In the Main Hall, award-winning musicians from around the world will perform various works for various line-up. The concert will begin with the sounds of Fryderyk Chopin’s Andante spianato and Grand Polonaise in E flat major performed by Alessandro Marangoni. The third movement of the Concerto for violin, piano and string orchestra op. 105 by Nikolai Kapustin (Maxim Lando – piano, Tassilo Probst – violin) and the finale of the Romantic Cello Concerto in B minor op. 104 by Antonin Dvořák (Gabriel Schwabe / NAXOS – cello). Camille Saint-Saëns’s Havanaise op 83. is also a work of violin literature. It will be presented by Leonhard Baumgartner (Discovery Award). Young Artist of the Year, violist Sào Soulez Larivière will perform the Romance op. 85 from the beginning of the 20th century by Max Bruch. We will hear David Geringas perform Kol Nidrei for cello and orchestra op. 47, one of Bruch’s best-known works, based on traditional Hebrew themes. Soprano Ermonela Jaho will present the aria Io son l’umile ancella from Adriana Lecouvreur by the Italian composer Francesco Cilea and the famous Ombra di nube by Licinio Refice.
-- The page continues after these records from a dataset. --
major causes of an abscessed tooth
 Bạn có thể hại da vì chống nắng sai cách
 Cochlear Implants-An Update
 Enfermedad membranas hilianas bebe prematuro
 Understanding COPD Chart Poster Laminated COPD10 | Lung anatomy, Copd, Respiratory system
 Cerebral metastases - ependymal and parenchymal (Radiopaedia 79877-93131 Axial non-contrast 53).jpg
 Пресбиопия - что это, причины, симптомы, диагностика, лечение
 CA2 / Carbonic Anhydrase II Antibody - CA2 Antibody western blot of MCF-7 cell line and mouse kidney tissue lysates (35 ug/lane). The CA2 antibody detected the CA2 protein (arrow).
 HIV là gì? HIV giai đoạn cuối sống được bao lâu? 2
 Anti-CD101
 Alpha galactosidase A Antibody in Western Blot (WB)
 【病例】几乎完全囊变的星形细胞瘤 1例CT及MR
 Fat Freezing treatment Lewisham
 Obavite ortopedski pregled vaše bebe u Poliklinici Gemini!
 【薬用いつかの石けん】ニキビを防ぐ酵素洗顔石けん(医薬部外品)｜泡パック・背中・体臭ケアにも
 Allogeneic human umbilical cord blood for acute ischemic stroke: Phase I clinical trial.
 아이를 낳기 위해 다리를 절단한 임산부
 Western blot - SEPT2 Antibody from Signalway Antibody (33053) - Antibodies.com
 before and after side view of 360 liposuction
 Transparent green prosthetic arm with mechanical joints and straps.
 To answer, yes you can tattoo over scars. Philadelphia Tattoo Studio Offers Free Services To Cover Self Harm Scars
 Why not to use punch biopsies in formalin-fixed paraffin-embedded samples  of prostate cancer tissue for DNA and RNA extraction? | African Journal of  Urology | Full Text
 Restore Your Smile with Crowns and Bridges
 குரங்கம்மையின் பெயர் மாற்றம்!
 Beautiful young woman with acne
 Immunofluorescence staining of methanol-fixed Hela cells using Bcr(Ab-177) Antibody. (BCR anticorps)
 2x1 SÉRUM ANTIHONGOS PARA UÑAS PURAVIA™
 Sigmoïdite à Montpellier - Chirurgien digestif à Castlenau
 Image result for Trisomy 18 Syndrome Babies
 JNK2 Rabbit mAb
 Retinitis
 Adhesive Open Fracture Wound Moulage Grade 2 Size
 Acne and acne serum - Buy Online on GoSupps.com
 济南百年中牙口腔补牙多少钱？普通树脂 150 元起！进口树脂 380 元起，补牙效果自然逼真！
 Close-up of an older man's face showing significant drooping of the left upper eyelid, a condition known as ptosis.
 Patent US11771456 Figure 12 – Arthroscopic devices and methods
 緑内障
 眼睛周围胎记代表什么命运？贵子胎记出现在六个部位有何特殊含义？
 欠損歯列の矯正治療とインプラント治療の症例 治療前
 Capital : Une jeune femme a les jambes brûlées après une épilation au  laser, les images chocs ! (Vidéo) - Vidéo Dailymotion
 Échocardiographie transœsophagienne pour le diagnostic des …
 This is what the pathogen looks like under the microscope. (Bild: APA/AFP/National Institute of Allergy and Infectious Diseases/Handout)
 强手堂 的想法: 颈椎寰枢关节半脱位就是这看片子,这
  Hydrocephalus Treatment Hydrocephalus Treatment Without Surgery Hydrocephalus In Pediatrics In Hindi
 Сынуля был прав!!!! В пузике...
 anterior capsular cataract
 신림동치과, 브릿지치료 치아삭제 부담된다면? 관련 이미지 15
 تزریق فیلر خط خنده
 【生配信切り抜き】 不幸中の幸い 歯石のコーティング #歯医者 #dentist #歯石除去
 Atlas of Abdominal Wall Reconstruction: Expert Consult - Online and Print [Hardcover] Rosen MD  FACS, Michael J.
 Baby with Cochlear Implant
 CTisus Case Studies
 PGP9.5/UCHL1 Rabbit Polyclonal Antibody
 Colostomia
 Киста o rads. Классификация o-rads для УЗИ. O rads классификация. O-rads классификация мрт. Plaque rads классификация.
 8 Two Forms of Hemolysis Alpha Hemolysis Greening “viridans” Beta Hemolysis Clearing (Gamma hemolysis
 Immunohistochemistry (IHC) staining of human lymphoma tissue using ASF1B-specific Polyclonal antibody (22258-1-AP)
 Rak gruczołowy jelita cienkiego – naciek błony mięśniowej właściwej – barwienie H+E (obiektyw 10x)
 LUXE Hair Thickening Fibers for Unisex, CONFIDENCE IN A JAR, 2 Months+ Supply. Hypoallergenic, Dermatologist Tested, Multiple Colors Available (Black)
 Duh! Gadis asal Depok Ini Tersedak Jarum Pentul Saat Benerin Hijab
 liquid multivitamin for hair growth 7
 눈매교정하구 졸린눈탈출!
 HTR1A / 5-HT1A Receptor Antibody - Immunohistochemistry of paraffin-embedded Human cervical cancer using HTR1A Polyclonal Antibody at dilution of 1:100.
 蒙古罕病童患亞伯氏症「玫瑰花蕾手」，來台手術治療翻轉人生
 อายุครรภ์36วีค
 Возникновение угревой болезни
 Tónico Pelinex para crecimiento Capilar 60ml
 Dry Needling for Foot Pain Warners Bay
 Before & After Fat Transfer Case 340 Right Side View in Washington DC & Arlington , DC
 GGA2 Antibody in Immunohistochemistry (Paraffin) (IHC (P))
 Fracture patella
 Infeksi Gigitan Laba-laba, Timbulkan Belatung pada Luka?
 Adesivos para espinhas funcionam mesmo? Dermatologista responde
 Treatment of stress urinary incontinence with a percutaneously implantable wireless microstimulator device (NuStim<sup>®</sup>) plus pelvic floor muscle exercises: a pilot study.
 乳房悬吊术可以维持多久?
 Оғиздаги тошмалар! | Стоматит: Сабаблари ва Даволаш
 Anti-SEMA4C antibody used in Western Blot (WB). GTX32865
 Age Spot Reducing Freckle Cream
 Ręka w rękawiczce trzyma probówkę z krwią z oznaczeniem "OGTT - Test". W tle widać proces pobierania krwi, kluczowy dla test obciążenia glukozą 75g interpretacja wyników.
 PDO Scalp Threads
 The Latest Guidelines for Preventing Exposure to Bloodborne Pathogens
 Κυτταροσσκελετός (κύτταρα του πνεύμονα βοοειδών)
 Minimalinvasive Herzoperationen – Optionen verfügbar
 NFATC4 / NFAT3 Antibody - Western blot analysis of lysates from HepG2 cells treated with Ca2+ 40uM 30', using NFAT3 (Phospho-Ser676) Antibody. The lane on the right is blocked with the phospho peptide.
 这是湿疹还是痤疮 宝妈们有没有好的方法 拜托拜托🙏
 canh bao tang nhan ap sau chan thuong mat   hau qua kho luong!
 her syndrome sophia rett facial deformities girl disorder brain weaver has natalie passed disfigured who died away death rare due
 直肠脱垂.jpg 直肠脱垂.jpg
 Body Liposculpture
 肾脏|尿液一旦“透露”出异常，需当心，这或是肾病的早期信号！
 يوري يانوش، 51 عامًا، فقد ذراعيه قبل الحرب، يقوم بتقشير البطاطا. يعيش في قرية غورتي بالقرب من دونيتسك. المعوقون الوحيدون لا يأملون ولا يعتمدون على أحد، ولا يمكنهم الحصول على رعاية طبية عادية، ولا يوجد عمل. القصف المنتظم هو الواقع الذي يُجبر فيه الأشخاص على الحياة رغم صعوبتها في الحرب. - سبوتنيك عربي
We will turn to early music with the performance of Johann Sebastian Bach’s Capriccio sopra la lontananza del suo fratello dilettissimo BWV 992 and the anonymous works Reproches y quejas, Sim muero de amor and Trátame como quieras. The repertoire will also include Rhapsodia sinfónica for piano and string orchestra, op. 66 by Joaquín Turina (Josu de Solaun – piano), Elégie for cello and orchestra op. 24 by Gabriel Fauré and con moto by the contemporary artist David Philip Hefti, who was awarded in the “Composer” category. The gala will end with the Symphonie concertante op. 81 by Joseph Jongen – a composition written in the 1920s for organ with orchestra. The symphony, consisting of four extended movements and crowned with an effective toccata, impresses with the fullness of the sound of both the organ and the symphony orchestra, which wonderfully complements the timbre of the solo instrument. The work will be performed by Karol Mossakowski with the NFM Wrocław Philharmonic. Karol Mossakowski was recognized in the “Orchestra Award” category, awarded to him on the recommendation of the National Forum of Music.